Requirement ->
Nothing but an exact copy of the listing should appear in the response.

..............................

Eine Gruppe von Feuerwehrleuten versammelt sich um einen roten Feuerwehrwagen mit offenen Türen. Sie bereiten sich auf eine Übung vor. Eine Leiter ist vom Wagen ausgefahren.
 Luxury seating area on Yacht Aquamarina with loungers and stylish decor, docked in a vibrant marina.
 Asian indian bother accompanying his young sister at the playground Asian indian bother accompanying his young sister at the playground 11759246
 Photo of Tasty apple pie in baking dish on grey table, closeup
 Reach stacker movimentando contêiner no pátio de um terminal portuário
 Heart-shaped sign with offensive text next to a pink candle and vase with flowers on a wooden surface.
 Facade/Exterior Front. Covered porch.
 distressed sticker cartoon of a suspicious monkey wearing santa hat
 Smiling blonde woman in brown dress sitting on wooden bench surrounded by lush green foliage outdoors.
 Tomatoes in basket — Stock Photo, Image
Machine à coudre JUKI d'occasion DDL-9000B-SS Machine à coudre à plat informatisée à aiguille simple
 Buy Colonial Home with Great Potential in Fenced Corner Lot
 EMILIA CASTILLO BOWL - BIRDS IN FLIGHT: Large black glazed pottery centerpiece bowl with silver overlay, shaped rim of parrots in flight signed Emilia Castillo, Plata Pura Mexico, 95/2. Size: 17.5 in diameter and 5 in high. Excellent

..............................

Task result ->
Eine Gruppe von Feuerwehrleuten versammelt sich um einen roten Feuerwehrwagen mit offenen Türen. Sie bereiten sich auf eine Übung vor. Eine Leiter ist vom Wagen ausgefahren.
 Luxury seating area on Yacht Aquamarina with loungers and stylish decor, docked in a vibrant marina.
 Asian indian bother accompanying his young sister at the playground Asian indian bother accompanying his young sister at the playground 11759246
 Photo of Tasty apple pie in baking dish on grey table, closeup
 Reach stacker movimentando contêiner no pátio de um terminal portuário
 Heart-shaped sign with offensive text next to a pink candle and vase with flowers on a wooden surface.
 Facade/Exterior Front. Covered porch.
 distressed sticker cartoon of a suspicious monkey wearing santa hat
 Smiling blonde woman in brown dress sitting on wooden bench surrounded by lush green foliage outdoors.
 Tomatoes in basket — Stock Photo, Image
Machine à coudre JUKI d'occasion DDL-9000B-SS Machine à coudre à plat informatisée à aiguille simple
 Buy Colonial Home with Great Potential in Fenced Corner Lot
 EMILIA CASTILLO BOWL - BIRDS IN FLIGHT: Large black glazed pottery centerpiece bowl with silver overlay, shaped rim of parrots in flight signed Emilia Castillo, Plata Pura Mexico, 95/2. Size: 17.5 in diameter and 5 in high. Excellent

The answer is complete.